BACKGROUND: Endometrial carcinoma is one of the common carcinomas in the female reproductive system. It is reported that miR-204-5p is down-regulated in endometrial carcinoma. However, the mechanism and key pathways of miR-204-5p in endometrial carcinoma have not been clarified. MATERIAL/METHODS: We evaluated the expression profiles and prognostic value of miR-204-5p expression in endometrial carcinoma by using bioinformatics analysis of a public dataset from TCGA. Drug of endometrial carcinoma from DrugBank, GO analysis, KEGG analysis, PPI network, mutation, as well as assessment of the prognostic significance were performed to the overlapping target genes of miR-204-5p in endometrial carcinoma. The relative expression levels of miR-204-5p target genes in endometrial carcinoma, including SF3B1, FBXW7, SPOP, and BRD4, were assessed by real-time quantitative polymerase chain reaction (RT-qPCR). RESULTS: First, through DrugBank website, we obtained target drugs for endometrial carcinoma. MiR-204-5p expression was found to be lower in the endometrial carcinoma tissues than in adjacent normal tissues from TCGA. Next, we identified 143 genes as potential targets of miR-204-5p. Then, through GO enrichment analysis, KEGG signaling pathway and PPI analysis, we revealed the key networks in endometrial carcinoma. Next, mutation and assessment of the prognostic significance of endometrial carcinoma were obtained.

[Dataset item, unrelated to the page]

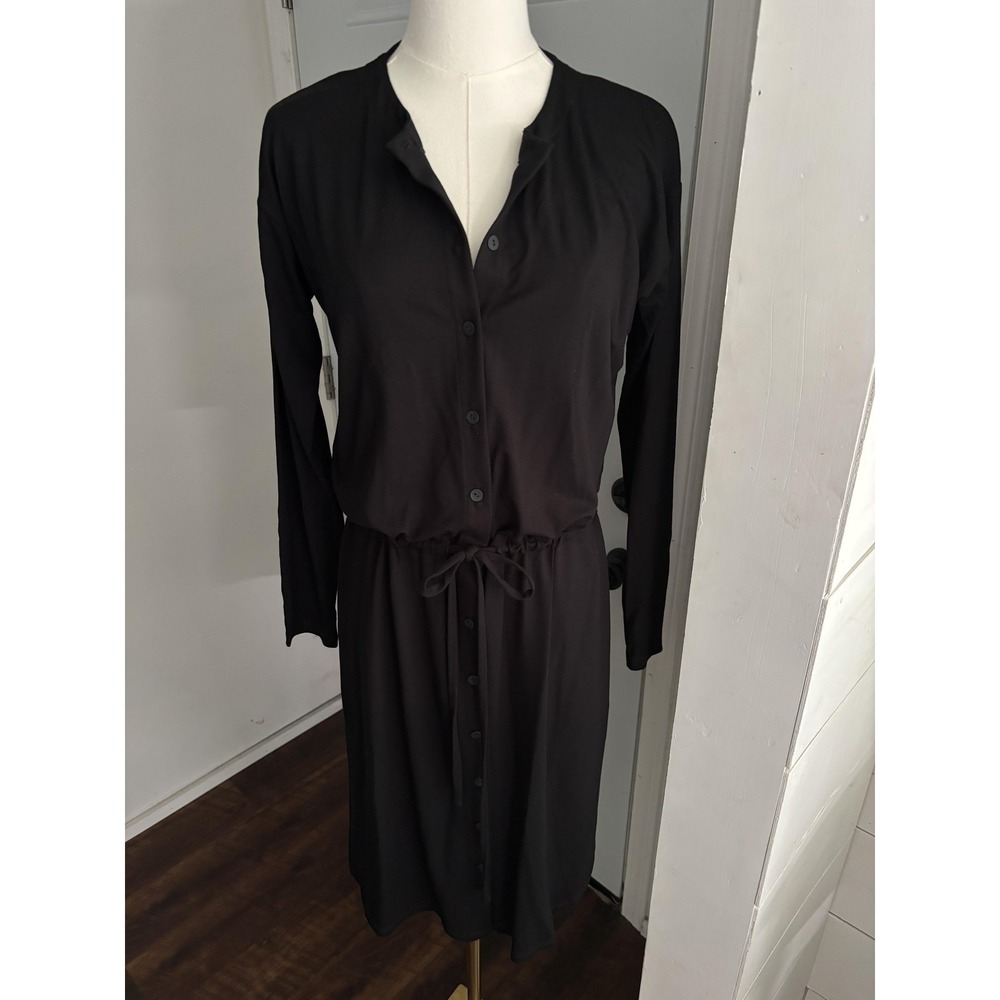 Eileen Fisher Dress Womens XS Black Jersey‎ Button Front Knee Length Minimalist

At last, in endometrial carcinoma, the relative expression of SF3B1 and BRD4 increased, and the relative expression of FBXW7 decreased. CONCLUSIONS: MiR-204-5p is down-regulated in endometrial carcinoma and affects the prognostic significance of endometrial carcinoma, which might play an important role in the tumorigenesis of endometrial carcinoma.